##### Extracted information #####

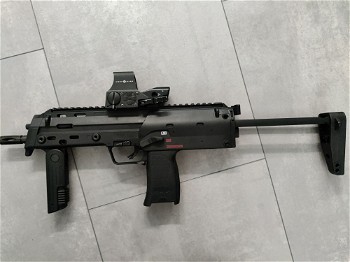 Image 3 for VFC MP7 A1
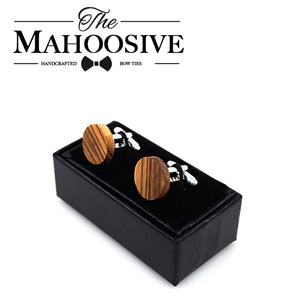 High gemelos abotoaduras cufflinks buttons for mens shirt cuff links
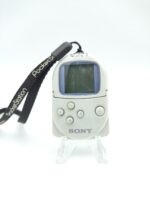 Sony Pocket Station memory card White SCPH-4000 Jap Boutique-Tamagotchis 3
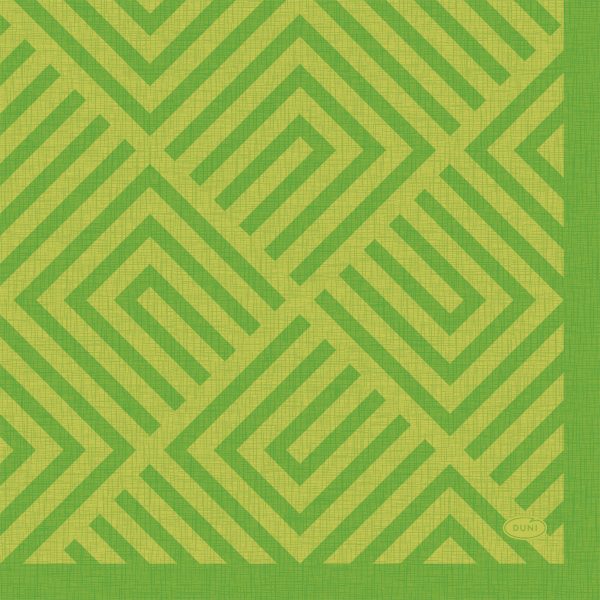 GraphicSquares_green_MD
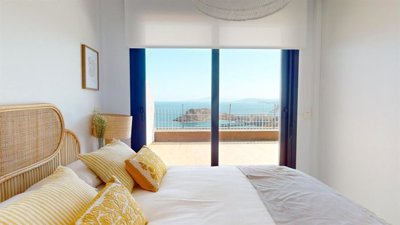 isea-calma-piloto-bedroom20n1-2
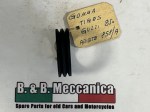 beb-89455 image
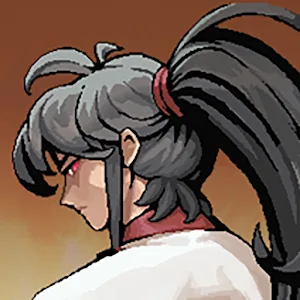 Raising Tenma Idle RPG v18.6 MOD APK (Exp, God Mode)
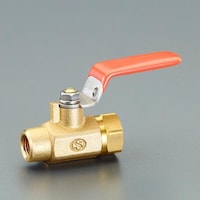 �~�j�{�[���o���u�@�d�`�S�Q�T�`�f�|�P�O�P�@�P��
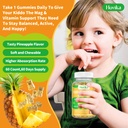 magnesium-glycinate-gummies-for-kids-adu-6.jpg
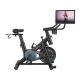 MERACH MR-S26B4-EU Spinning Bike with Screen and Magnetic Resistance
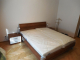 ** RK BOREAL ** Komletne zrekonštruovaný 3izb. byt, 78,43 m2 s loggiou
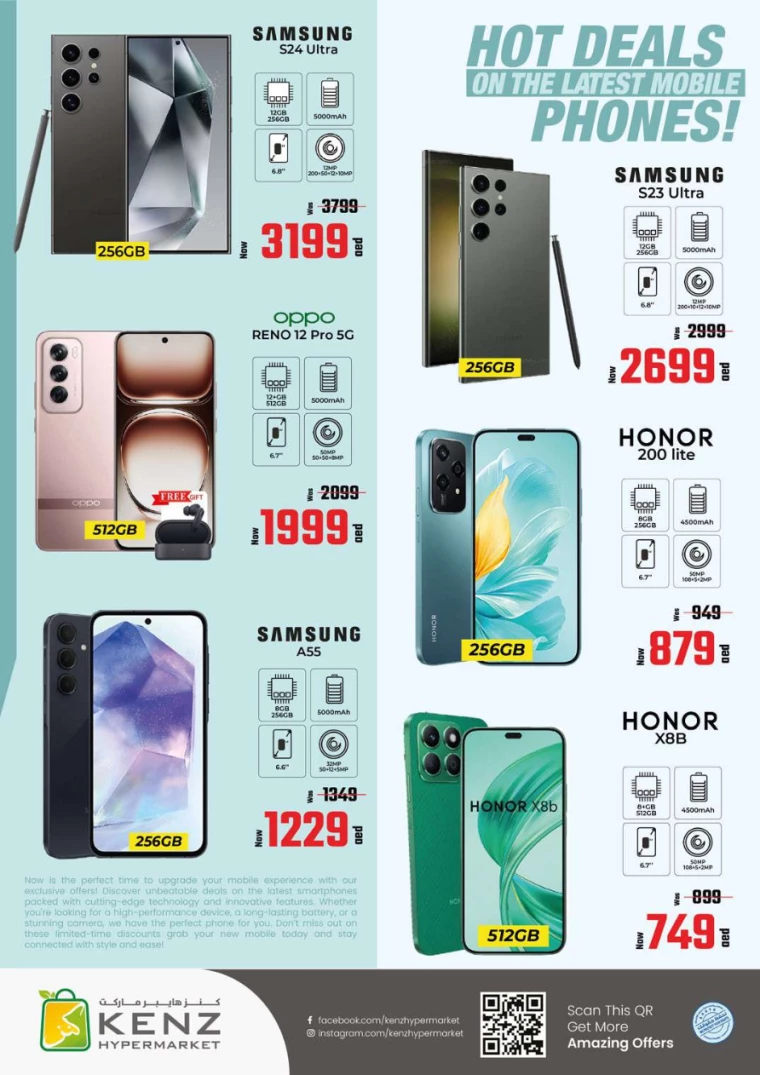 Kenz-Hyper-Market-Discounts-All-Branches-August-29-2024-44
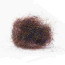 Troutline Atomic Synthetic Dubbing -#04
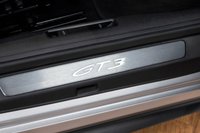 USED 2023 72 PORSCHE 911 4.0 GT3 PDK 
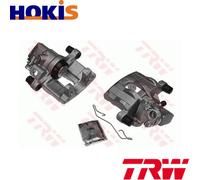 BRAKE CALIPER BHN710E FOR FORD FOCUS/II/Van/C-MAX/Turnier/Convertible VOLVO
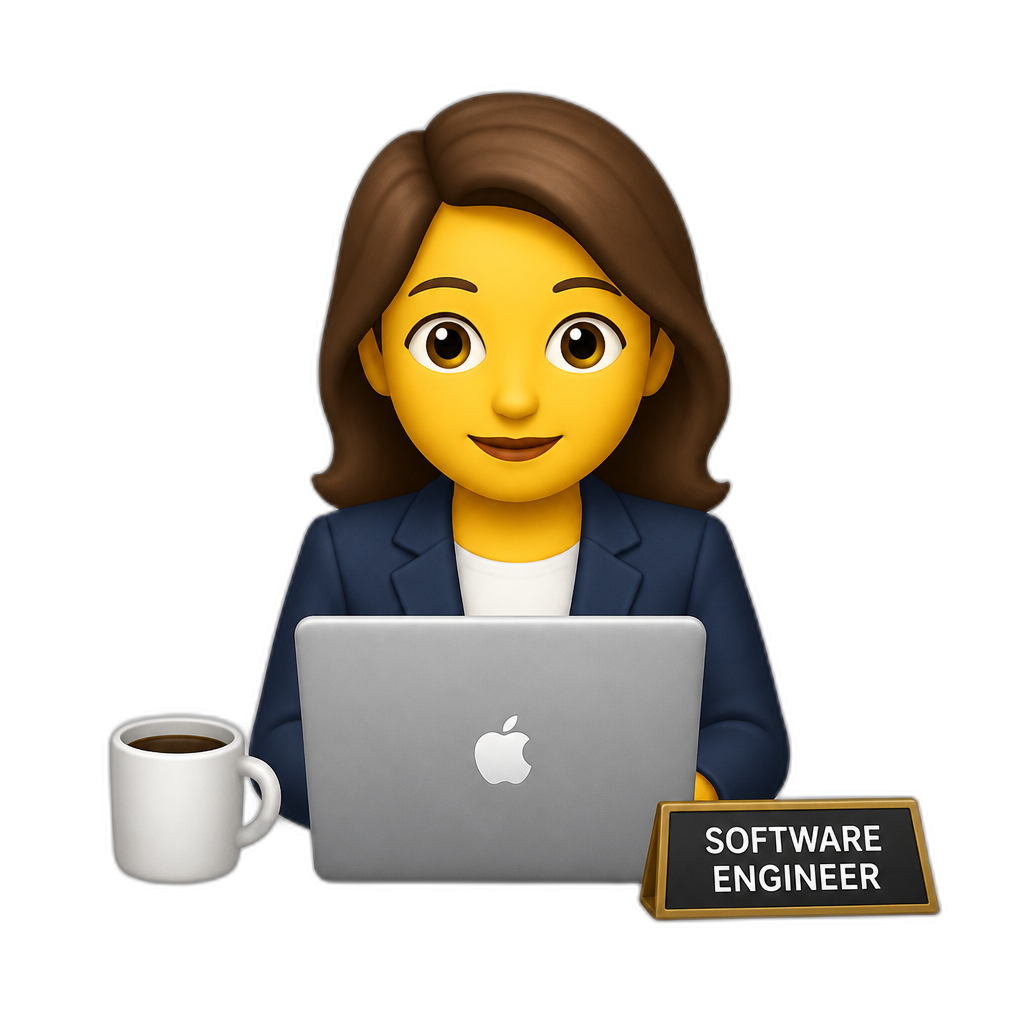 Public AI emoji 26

#####
##### Extracted information #####

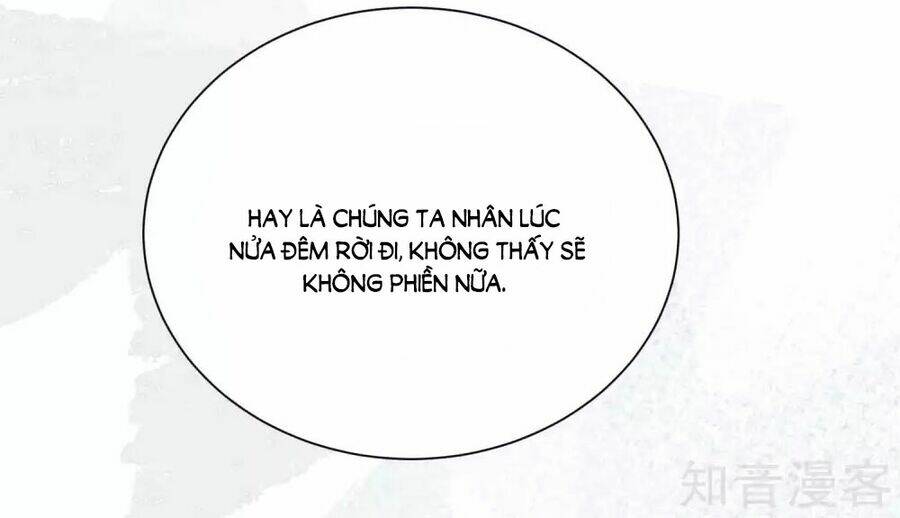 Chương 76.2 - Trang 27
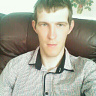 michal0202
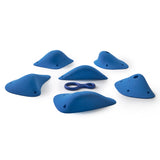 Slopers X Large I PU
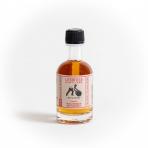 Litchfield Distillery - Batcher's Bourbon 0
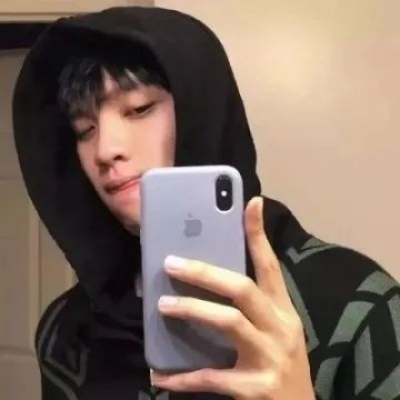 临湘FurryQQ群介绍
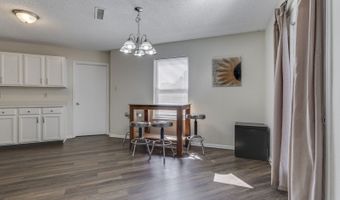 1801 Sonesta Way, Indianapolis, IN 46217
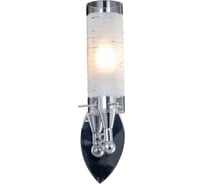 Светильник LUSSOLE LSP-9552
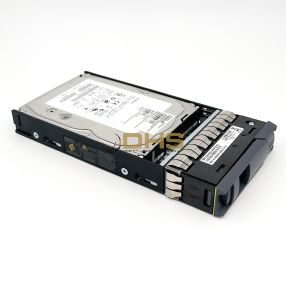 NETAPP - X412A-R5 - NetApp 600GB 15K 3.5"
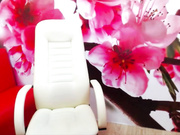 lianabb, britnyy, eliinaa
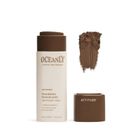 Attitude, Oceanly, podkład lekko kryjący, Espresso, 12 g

#####

## Problem to work on
Now transcribe the lines above exactly, starting at the line containing "BRAKE CALIPER BHN710E" and ending at the line containing "Public AI emoji 26", both lines included, pictures excluded.

## Answer box
 BRAKE CALIPER BHN710E FOR FORD FOCUS/II/Van/C-MAX/Turnier/Convertible VOLVO
 Public AI emoji 26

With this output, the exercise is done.